- DESCRIPTION OF THE TASK: Search the entries below for the word "image" and copy each line that has it.

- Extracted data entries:
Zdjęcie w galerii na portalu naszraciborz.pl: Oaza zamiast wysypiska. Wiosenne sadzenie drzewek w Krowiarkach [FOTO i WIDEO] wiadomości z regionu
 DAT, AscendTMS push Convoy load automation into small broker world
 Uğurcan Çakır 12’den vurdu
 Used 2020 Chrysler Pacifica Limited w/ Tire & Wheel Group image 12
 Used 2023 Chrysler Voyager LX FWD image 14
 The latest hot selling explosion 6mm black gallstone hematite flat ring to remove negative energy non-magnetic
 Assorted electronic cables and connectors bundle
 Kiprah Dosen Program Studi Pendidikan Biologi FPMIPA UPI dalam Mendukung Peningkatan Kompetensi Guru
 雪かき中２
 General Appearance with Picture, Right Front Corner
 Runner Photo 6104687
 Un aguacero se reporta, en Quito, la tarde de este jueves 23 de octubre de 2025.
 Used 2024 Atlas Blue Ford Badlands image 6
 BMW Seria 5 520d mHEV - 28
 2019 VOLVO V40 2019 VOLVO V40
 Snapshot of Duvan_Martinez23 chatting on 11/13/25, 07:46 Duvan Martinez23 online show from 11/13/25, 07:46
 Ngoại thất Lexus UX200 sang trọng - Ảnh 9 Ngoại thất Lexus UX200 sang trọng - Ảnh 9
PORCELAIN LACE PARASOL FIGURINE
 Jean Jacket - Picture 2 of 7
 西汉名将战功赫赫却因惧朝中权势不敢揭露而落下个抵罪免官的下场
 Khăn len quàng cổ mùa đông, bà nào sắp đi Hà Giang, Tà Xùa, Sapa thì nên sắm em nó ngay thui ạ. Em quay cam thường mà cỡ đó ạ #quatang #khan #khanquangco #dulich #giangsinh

- YOUR SOLUTION:
 Used 2020 Chrysler Pacifica Limited w/ Tire & Wheel Group image 12
 Used 2023 Chrysler Voyager LX FWD image 14
 Used 2024 Atlas Blue Ford Badlands image 6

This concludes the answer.